> _RECORDS PROVIDED_:
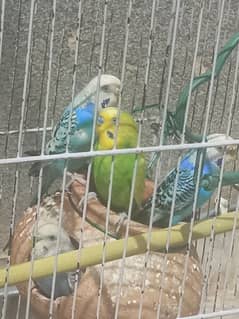 4 Australian Parrots with Cage for Sale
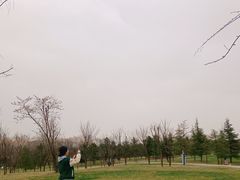 -洨河生态公园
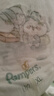 帮宝适（Pampers）清新帮尿不湿婴儿纸尿裤拉拉裤 XL84片【拉拉裤】 实拍图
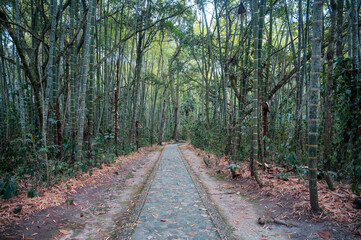 Path through a jungle with bamboo in San Agustin, Colombia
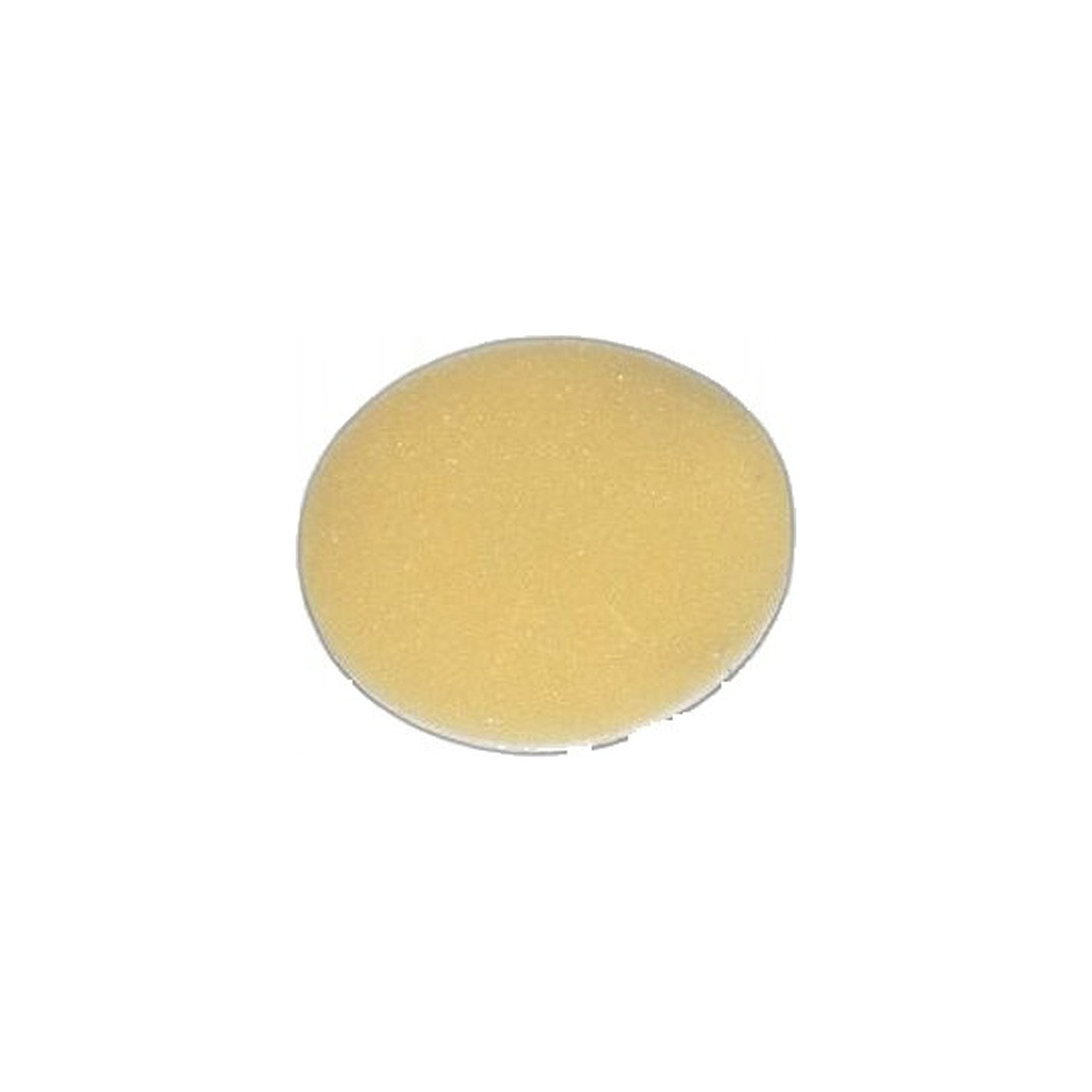 Fuller Brush MBMV Hand Vacuum Secondary Filter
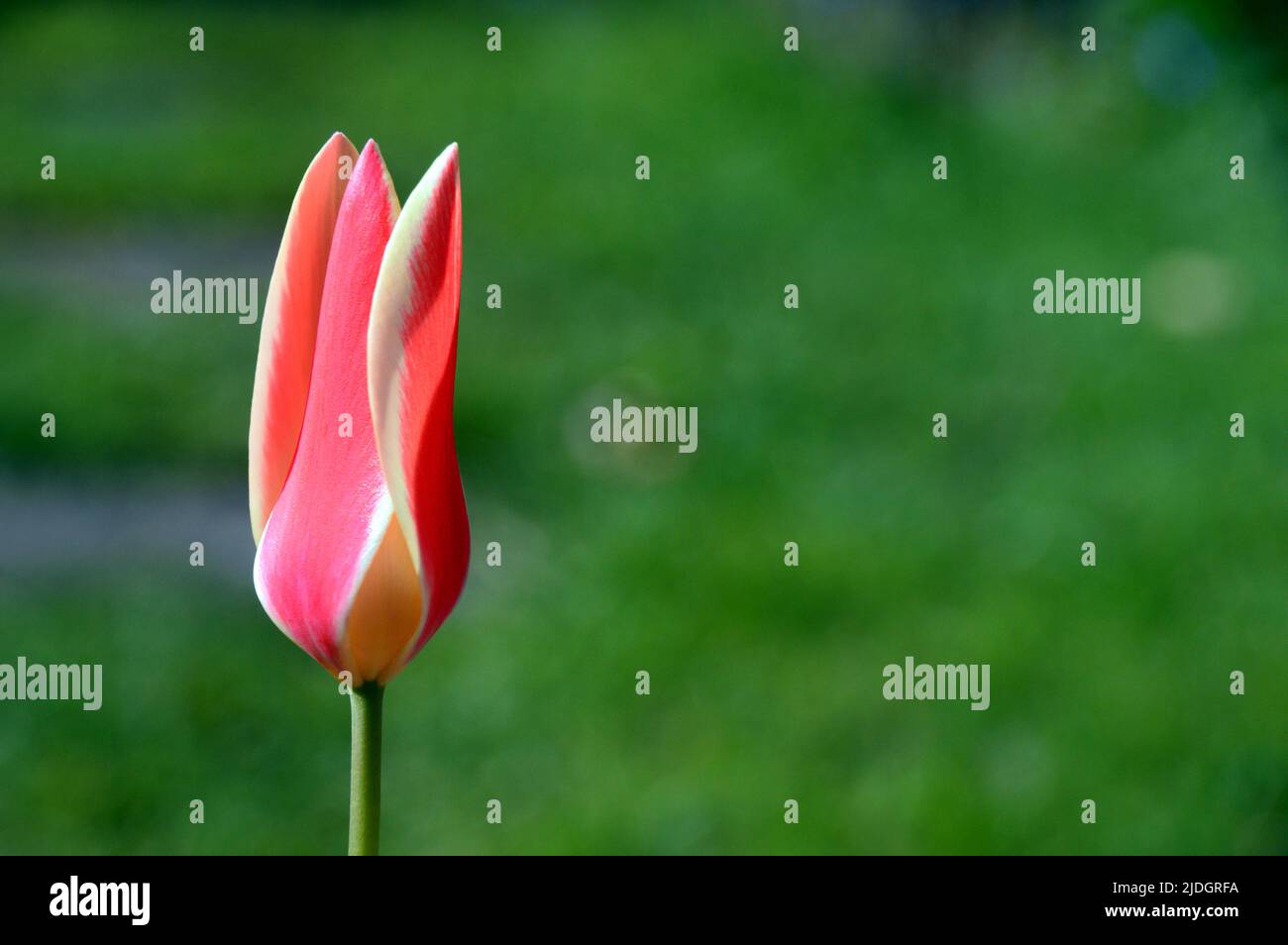 Single Pink/Yellow Tulipa Clusiana Tinka (Tulip Tinka) grown in an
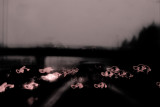 Going to work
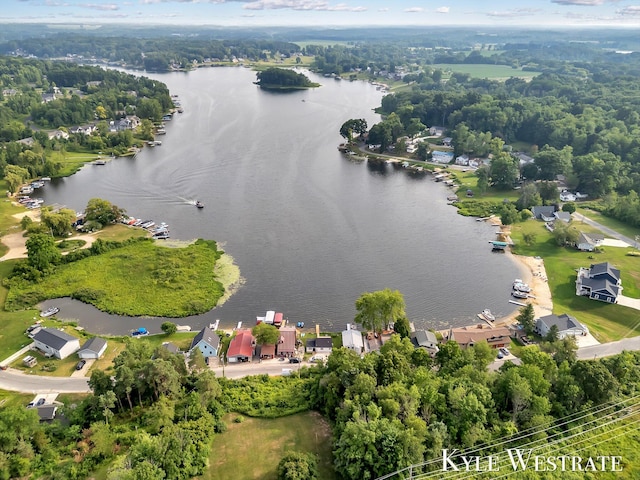 12230 Mac Dr NE, Belding, MI 48809 - bird's eye view of a large body of water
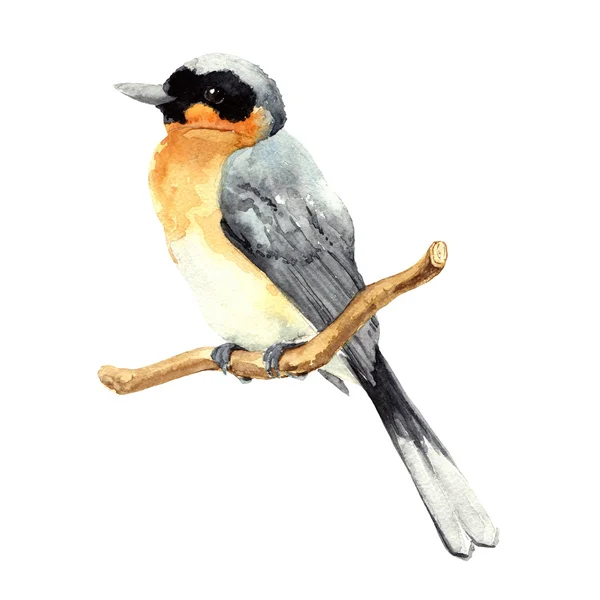 Watercolor gray bird. — Stock Photo, Image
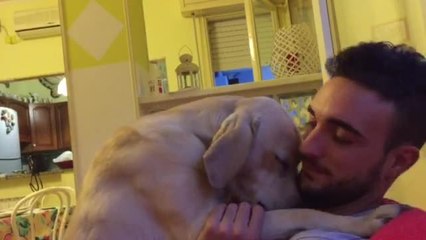 Guilty dog desperately asks for forgiveness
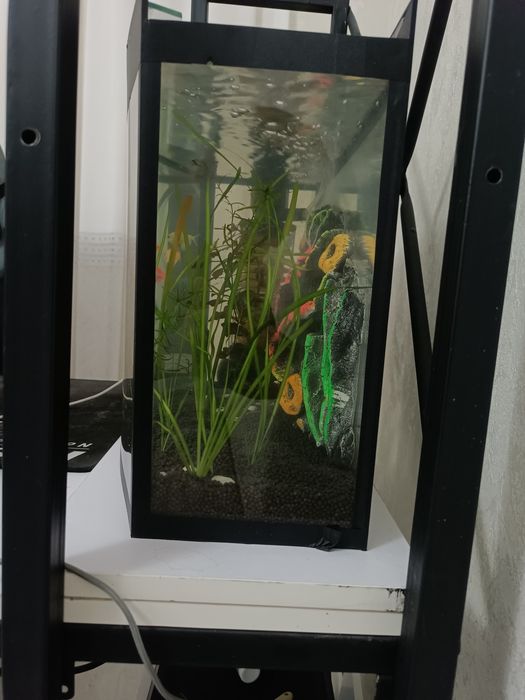 Продам аквариум с рыбками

> _EXERCISE_:
The lines from the one containing "Watercolor gray bird. — Stock Photo, Image" through the last line of the records are what you should copy, word for word and nothing else, with pictures left out.

> _FINISHED EXERCISE_:
 Watercolor gray bird. — Stock Photo, Image
 Guilty dog desperately asks for forgiveness
 Продам аквариум с рыбками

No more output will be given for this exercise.